This would have broken many men. But when he was mug-shotted in Georgia on Aug. 24, 2023, his scowl signalled he was not giving in. In the 11 months from that day to his fist pump in Butler, Pennsylvania, Trump managed to defeat and discredit the lawfare attacks, assemble and lead a highly effective campaign team, knock Joe Biden off the Democratic ticket, run a series of near daily (and sometimes twice daily) rallies, win over top business leaders in Silicon Valley, open up a commanding lead in the polls and not only survive an assassination attempt but turn it into an image of triumph. On election day, he won the popular vote and carried the White House and both Houses of Congress.
It’s Trump’s world now, and Canadians should understand two things about it. First, he feels no loyalty to domestic and multilateral institutions that have governed the world for the past half century. Most of them opposed him last time and many were actively weaponized against him. In his mind, and in the thinking of his supporters, he didn’t just defeat the Democrats, he defeated the Republican establishment, most of Washington including the intelligence agencies, the entire corporate media, the courts, woke corporations, the United Nations and its derivatives, universities and academic authorities, and any foreign governments in league with the World Economic Forum.
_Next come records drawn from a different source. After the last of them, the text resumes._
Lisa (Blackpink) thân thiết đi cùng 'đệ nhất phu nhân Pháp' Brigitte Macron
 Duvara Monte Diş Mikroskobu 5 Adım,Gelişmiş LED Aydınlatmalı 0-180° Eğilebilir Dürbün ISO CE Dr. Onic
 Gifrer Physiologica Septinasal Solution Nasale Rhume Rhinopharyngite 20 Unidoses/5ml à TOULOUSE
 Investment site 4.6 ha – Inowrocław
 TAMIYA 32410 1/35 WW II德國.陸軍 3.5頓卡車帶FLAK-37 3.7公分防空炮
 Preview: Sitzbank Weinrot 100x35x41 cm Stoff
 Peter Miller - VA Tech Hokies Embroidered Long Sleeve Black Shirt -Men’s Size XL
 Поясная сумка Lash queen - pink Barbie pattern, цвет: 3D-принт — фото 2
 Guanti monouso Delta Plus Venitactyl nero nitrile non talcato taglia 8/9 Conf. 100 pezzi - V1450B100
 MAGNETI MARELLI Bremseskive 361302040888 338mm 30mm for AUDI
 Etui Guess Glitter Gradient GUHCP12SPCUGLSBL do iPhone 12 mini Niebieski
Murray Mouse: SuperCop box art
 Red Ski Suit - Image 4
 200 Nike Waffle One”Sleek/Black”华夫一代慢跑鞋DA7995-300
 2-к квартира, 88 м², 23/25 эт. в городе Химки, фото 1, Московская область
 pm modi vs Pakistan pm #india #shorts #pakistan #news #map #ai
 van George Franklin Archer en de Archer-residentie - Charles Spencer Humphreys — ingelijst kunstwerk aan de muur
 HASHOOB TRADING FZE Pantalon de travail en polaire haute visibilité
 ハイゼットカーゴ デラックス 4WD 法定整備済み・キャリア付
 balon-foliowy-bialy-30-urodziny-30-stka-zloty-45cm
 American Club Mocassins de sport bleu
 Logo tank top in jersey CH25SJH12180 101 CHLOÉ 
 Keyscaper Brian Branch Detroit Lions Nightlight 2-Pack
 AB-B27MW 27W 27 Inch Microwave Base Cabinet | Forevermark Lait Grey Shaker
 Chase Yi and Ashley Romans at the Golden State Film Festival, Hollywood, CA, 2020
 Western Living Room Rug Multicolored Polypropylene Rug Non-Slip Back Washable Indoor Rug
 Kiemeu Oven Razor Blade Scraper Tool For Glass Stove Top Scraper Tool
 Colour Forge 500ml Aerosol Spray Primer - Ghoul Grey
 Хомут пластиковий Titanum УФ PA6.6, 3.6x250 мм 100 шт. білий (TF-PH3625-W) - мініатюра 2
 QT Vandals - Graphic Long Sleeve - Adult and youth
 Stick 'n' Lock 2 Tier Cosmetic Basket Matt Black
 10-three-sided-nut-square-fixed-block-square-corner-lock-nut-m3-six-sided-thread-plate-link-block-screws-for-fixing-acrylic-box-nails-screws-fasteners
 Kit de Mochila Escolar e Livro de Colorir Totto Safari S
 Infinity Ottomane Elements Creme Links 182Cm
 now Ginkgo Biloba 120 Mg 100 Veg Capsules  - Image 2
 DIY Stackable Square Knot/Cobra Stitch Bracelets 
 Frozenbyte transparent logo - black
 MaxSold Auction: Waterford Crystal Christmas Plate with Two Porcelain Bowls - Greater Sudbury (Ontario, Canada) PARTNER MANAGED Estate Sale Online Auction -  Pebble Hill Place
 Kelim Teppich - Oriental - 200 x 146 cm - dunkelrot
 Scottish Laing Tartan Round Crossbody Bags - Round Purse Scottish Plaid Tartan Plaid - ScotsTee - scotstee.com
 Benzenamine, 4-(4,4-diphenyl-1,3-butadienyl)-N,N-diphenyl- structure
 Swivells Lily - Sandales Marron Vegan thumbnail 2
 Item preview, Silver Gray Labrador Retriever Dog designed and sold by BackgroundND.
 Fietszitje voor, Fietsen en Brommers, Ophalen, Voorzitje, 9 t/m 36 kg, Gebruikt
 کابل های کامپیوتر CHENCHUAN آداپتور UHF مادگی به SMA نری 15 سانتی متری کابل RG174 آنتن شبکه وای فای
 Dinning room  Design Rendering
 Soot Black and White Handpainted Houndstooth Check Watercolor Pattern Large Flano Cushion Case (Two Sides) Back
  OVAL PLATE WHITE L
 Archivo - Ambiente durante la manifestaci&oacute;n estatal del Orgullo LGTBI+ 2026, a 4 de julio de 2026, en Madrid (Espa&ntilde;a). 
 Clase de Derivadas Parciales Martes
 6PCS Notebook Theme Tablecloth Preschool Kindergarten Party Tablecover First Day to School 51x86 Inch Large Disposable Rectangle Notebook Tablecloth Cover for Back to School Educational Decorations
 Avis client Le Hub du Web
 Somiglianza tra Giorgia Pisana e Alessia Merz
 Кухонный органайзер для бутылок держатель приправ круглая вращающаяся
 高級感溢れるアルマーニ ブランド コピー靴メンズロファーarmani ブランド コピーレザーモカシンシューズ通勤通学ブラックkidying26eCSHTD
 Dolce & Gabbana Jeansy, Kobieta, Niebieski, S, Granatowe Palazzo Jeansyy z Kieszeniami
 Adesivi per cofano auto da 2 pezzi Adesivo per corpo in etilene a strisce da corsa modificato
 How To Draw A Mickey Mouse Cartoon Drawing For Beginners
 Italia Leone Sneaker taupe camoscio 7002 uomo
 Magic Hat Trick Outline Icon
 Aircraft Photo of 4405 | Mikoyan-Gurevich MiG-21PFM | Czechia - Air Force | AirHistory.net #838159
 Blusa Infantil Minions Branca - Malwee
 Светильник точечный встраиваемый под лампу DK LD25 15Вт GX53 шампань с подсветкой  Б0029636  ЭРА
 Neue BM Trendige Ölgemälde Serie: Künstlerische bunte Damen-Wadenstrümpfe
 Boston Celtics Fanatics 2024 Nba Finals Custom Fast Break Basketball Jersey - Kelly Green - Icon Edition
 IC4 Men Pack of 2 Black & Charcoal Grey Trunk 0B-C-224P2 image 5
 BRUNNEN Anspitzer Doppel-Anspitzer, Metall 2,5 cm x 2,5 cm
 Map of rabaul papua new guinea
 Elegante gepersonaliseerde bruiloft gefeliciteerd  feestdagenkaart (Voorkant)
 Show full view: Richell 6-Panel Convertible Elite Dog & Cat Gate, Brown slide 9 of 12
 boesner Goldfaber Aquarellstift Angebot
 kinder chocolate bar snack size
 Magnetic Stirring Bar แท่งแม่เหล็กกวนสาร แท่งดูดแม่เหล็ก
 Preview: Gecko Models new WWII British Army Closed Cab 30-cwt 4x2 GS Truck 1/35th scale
And it isn’t paranoia; they all had some role in trying to bring him down. Gaining credibility with the new Trump team will require showing how you have also fought against at least some of these groups.
Second, Trump has earned the right to govern in his own style, including saying whatever he wants. He’s a negotiator who likes trash-talking, so get used to it and learn to decode his messages.
When Trump first threatened tariffs, he linked it to two demands: stop the fentanyl going into the United States from Canada and meet our NATO spending targets. We should have done both long ago. In response, Trudeau should have launched an immediate national action plan on military readiness, border security and crackdowns on fentanyl labs. His failure to do so invited escalation. Which, luckily, only consisted of taunts about annexation. Rather than getting whiny and defensive, the best response (in addition to dealing with the border and defence issues) would have been to troll back by saying that Canada would fight any attempt to bring our people under the jurisdiction of the corrupt U.S. Department of Justice, and we will never form a union with a country that refuses to require every state to mandate photo I.D. to vote and has so many election problems as a result.
As to Trump’s complaints about the U.S. trade deficit with Canada, this is a made-in-Washington problem. The U.S. currently imports $4 trillion in goods and services from the rest of the world but only sells $3 trillion back in exports. Trump looks at that and says we’re ripping them off. But that trillion-dollar difference shows up in the U.S. National Income and Product Accounts as the capital account balance. The rest of the world buys that much in U.S. financial instruments each year, including treasury bills that keep Washington functioning. The U.S. savings rate is not high enough to cover the federal government deficit and all the other domestic borrowing needs. So the Americans look to other countries to cover the difference. Canada’s persistent trade surplus with the U.S. ($108 billion in 2023) partly funds that need. Money that goes to buying financial instruments can’t be spent on goods and services.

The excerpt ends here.